Each summer, the choir meets for a retreat, followed by a tour throughout the state. In 2012, the dates for the retreat and tour are June 24-July 1.
The cost for the retreat and tour is $425 per student, which includes meals, lodging, travel, concert t-shirt and admission to a theme park.
I have had the privilege for over 15 years of working and traveling with the Kentucky Baptist All-State Youth Choir and Orchestra. More importantly, many students from our church have been involved with these ensembles through the years.
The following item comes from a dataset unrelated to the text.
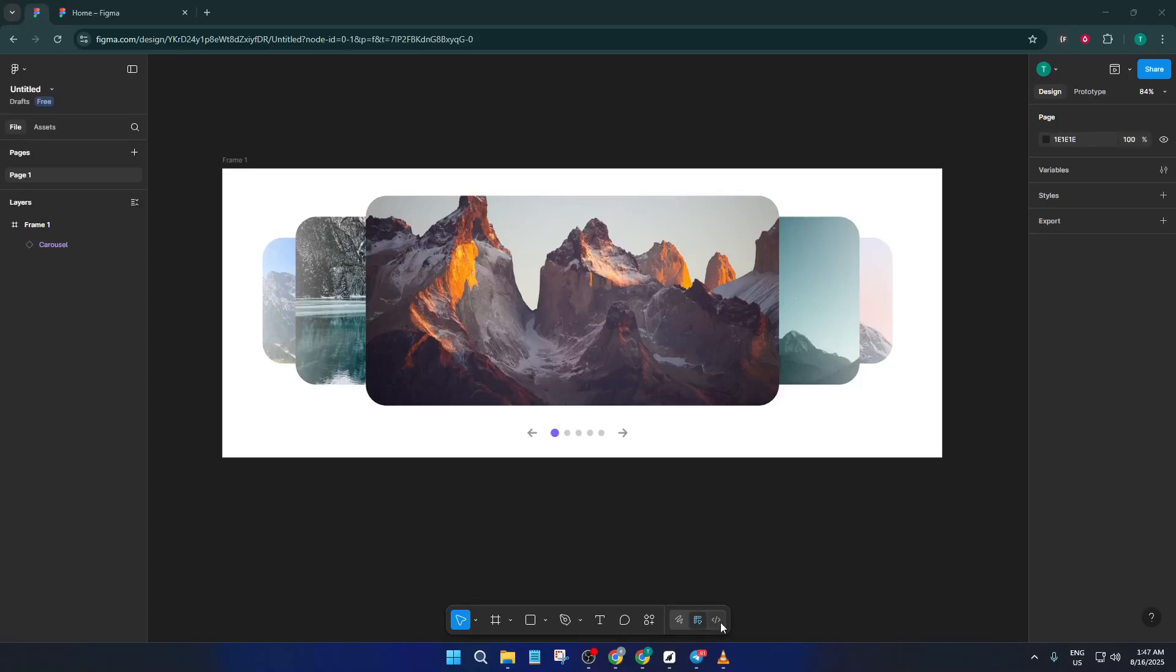Hey everyone, welcome back to the channel. In today's quick Figma tutorial, I'm going to show you exactly how to make an automatic photo carousel in just a few minutes using Figma's templates and community resources.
I believe those students would join me in affirming the impact those groups have had on the spiritual and musical growth of the participants, particularly in understanding how music can be both an expression of our faith and a means of growing in commitment and character.
They would also affirm that the week of rehearsals and performances are full of hard work, new and deepening friendships, great fun, and a sense of God’s presence throughout a busy schedule.
The ASYCO meets in late June at Campbellsville University for a rehearsal retreat that lasts from Sunday evening through Thursday morning. On Thursday morning, the groups hit the road for several performances at churches, senior living facilities, and other venues. Friday is a fun day–either at an amusement park or some other area where the students can relax and enjoy free time and friendship. The week concludes with worship services on Sunday morning and a final concert on Sunday afternoon.
Although there is a striving for musical excellence, the primary mission of the All-State groups is to nurture spiritual and musical leadership in students that will carry over into their local church ministries and into their future lives and careers. Many of the students have answered the call to vocational ministry, many are providing a Christian witness as school music teachers, and many more continue to serve Christ in their churches and communities. The lives touched by those alumni are the greatest testimony to the value of this event, and I urge my colleagues around the state to encourage and offer support to their musically inclined high school students so they can reap the rewards of the All State Youth Choir and Orchestra.